(Given information)
__________

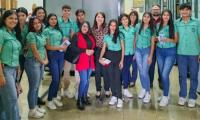 Grupo de jóvenes visitando las oficinas de Archivo Central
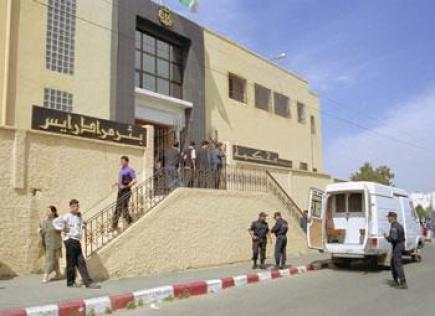 الحبس لعصابة سرقت 2.5 مليار من سيارة محامي بنقابة العاصمة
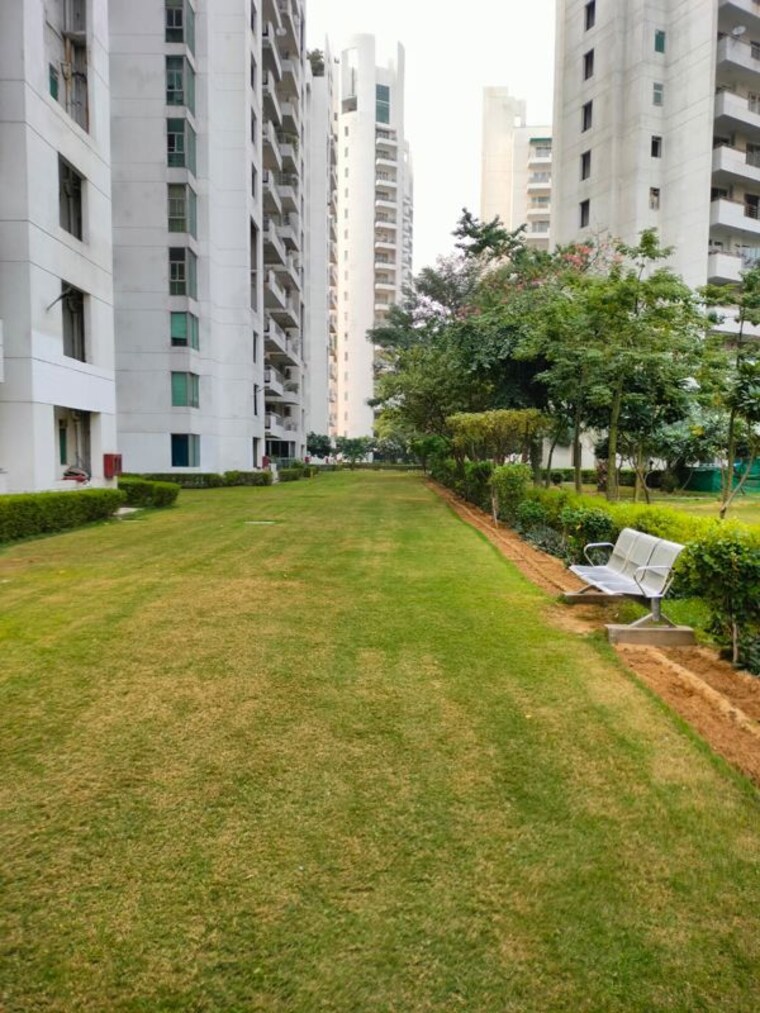 Garden, parsvnath-exotica 3 Bedroom 2895 Sq.Ft. Apartment In Sector 53 Gurgaon 10751600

__________

(Work instructions) Repeat the whole listing above word for word, but keep any picture out of it.

(Result below)
 Grupo de jóvenes visitando las oficinas de Archivo Central
 الحبس لعصابة سرقت 2.5 مليار من سيارة محامي بنقابة العاصمة
 Garden, parsvnath-exotica 3 Bedroom 2895 Sq.Ft. Apartment In Sector 53 Gurgaon 10751600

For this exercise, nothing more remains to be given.